Commodore Ballroom,
Nitty
Some guys are meticulously groomed to look disheveled. This quality irritates me when it’s pulled off. Plaskett grips the mic stand and the spot lights come up. The guitar player, what’s his face, stands to the side. I take a piss and miss the first song. My cell phone hasn’t received a call in two days.
A few tunes in, something isn’t right. The resounding, gritty guitars from the Thrush Hermit shows have been replaced with hand claps and spotless harmonies. I spot a pretty girl in the corner. She gets up and leaves. “That’s it,” I say, “he’s fucking this up for me.”
Later, lying on my futon, I think about how lonely Plaskett looked on stage, tall, thin and vacant. Molded by a decade on the road in Canadian bars filled with the same adoring fans night after night. I bet he can’t give this up, I think. I imagine myself sending a text message to the girl from the show. I write, “have you ever been walking down the street and seen something shiny on the sidewalk and when you look closer, you notice that it’s a coin. But when you bend over to grab the coin you realize that it was planted in wet cement when the sidewalk was poured and now it’s locked into solid concrete, like a shiny, urban fossil? If you have, you may understand the slight disappointment I felt when you left the Joel Plaskett show. Ok, but I’m not merely talking about a quarter or a dime, but a sidewalk loony.” I imagine her closing her phone and deleting the text with resolve. Time to avoid going out at night alone, she’ll write in her diary.

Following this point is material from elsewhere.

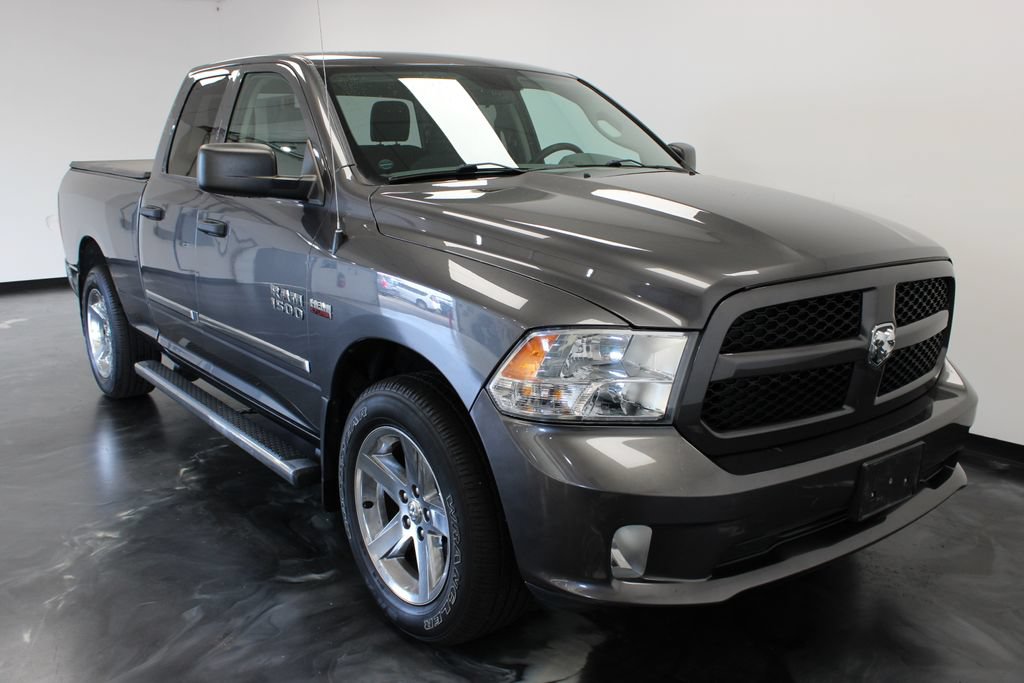 Used 2017 RAM 1500 Express AWD/4WD image 16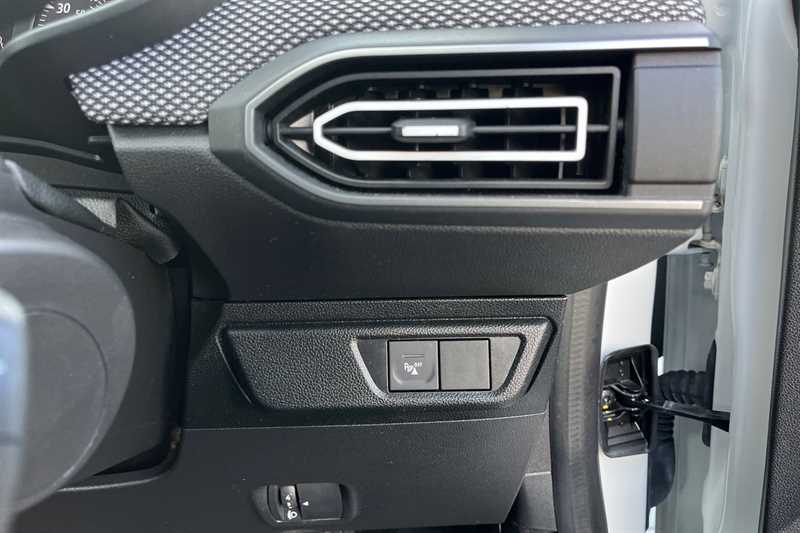 Used Dacia Sandero 2023 for sale - 76155111: Photo 30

During the encore, I drifted into a daydream. “Boo,” I was yelling in the dream. “You’re too tall and fake-scruffy and you did something to that guitar that’s making your good songs sound like the average ones and the average ones sound intolerably average.” People laugh in the daydream, but I regret making the statement. I realize that he’s cool. Cooler than me, earnest and professional. I wake from the daydream when the overhead lights come up. I look down and there’s a loony on the floor. I pick it up. It’s a loony that I’d dropped, but I smile at my false sense of good fortune and pretend it isn’t.